31. The supplements about the proposed substitutions advised Contract owners that from the date of the supplement until the date of the proposed substitutions, MetLife Investors USA and Security Equity Life will not (except as described in the next section) exercise any rights reserved under any Contract to impose restrictions or additional restrictions on or charges for transfers until at least 30 days after the proposed substitutions. Similarly, the supplements disclosed that, from the date of the supplement until the date of the proposed substitutions, MetLife Investors USA and Security Equity Life will permit Contract owners to make one transfer of Contract value out of the subaccount Start Printed Page 17111currently holding shares of the Substituted Portfolio to another subaccount without the transfer being treated as one of a limited number of permitted transfers or a limited number of transfers permitted without a transfer charge. The supplements also advised Contract owners that if the proposed substitutions are carried out, then each Contract owner affected by a substitution will be sent a written notice (described immediately below) informing them of the fact and details of the substitutions.

32. Within five days after the proposed substitutions, any Contract owners who are affected by a substitution will be sent a written notice informing them that the substitutions were carried out. The notice also will reiterate the facts that MetLife Investors USA and Security Equity Life: (a) will not exercise any rights reserved by it under any of the Contracts to impose restrictions or additional restrictions on or charges for transfers until at least 30 days after the proposed substitutions, and (b) will, for at least 30 days following the proposed substitutions, permit such Contract owners to make one transfer of Contract value out of the subaccount holding shares of the Replacement Portfolio to another subaccount without the transfer being treated as one of a limited number of permitted transfers or a limited number of transfers permitted without a transfer charge. Current prospectuses for the Replacement Portfolio will be sent to Contract owners on or before the time the notices are sent.
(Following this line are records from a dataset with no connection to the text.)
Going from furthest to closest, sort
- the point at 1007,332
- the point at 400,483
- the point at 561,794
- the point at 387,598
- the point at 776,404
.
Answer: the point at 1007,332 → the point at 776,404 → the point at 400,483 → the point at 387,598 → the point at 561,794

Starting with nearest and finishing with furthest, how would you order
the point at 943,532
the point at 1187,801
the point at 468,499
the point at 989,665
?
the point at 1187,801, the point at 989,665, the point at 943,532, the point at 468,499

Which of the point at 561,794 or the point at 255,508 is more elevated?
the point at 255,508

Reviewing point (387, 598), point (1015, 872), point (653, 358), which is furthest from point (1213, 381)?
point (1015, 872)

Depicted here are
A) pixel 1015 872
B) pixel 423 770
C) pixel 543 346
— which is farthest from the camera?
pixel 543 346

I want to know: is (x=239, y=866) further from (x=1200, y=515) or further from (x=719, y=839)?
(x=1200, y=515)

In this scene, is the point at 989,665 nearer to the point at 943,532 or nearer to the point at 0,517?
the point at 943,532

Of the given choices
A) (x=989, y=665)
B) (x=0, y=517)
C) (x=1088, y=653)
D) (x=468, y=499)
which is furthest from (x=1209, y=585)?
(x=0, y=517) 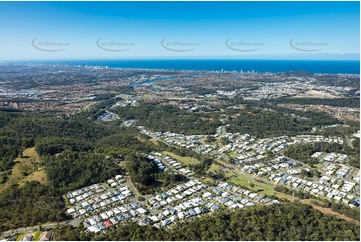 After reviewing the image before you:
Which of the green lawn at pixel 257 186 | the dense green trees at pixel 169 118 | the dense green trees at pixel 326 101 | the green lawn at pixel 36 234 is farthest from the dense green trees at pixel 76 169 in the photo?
the dense green trees at pixel 326 101

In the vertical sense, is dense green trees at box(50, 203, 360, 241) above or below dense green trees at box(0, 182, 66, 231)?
above

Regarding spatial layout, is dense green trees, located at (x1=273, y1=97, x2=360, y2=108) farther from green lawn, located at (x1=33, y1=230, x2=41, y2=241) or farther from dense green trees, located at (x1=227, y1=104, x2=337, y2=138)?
green lawn, located at (x1=33, y1=230, x2=41, y2=241)

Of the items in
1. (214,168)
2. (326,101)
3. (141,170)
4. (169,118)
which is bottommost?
(169,118)

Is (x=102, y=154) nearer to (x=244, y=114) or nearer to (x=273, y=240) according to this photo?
(x=273, y=240)

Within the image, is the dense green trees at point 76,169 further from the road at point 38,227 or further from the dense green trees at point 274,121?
the dense green trees at point 274,121

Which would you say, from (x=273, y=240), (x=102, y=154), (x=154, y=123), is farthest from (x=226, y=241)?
(x=154, y=123)

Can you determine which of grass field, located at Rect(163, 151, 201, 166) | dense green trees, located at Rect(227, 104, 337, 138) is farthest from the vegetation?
grass field, located at Rect(163, 151, 201, 166)

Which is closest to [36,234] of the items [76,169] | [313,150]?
[76,169]

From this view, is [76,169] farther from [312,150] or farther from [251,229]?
[312,150]

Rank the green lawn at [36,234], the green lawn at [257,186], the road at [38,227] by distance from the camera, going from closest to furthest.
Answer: the green lawn at [36,234] → the road at [38,227] → the green lawn at [257,186] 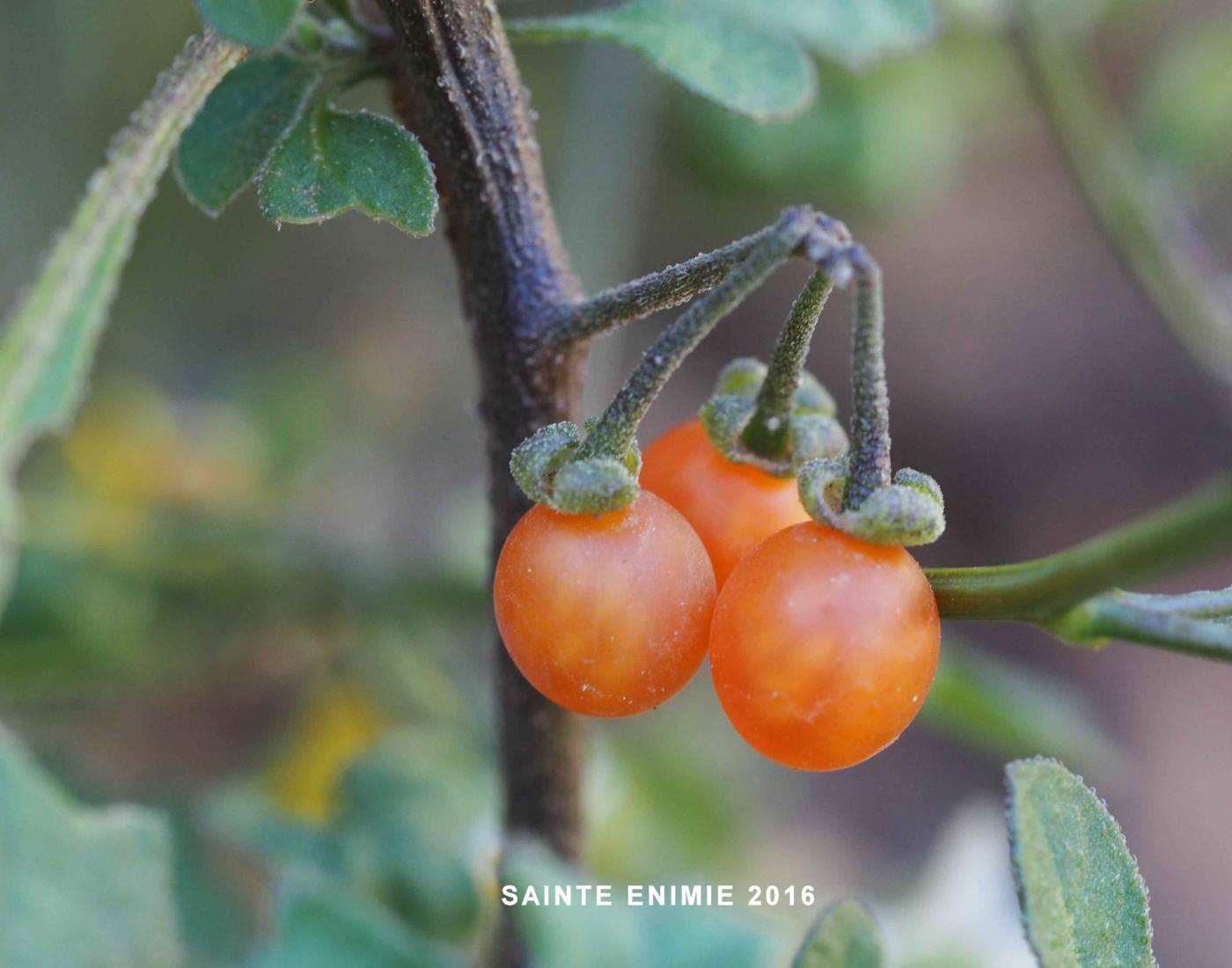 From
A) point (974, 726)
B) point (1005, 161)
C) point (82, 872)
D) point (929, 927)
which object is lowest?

The notice as delivered in certain jurisdictions also may explain that, under insurance regulations in those jurisdictions, Contract owners affected by the substitutions may exchange their Contract for a fixed-benefit life insurance contract or fixed-benefit annuity contract during the 60 days following the substitutions.

33. In addition, as described below, MetLife Investors USA will solicit approval of the proposed substitutions from owners of MetLife Investors Contracts by mailing them information statements and voting forms. Likewise, Security Equity Life will solicit approval of the proposed substitutions from owners of Security Equity Life PP Contracts and Security Equity Life Contracts by mailing them information statements and voting forms.

34. MetLife Investors USA and Security Equity Life will effect the proposed substitutions following the issuance of the orders requested herein and the approval of the proposed substitutions by Contract owners (described below) as follows. As of the Effective Date, shares of the Substituted Portfolio will be redeemed in cash or in-kind by MetLife Investors USA and Security Equity Life. The proceeds of such redemptions will then be used to purchase shares of the Replacement Portfolio either by cash purchases or in-kind purchases, with each subaccount of the Accounts investing the proceeds of its redemption from the Substituted Portfolio in the Replacement Portfolio. All redemptions of shares of the Substituted Portfolio and purchases of shares of the Replacement Portfolio will be effected in accordance with rule 22c-1 under the 1940 Act.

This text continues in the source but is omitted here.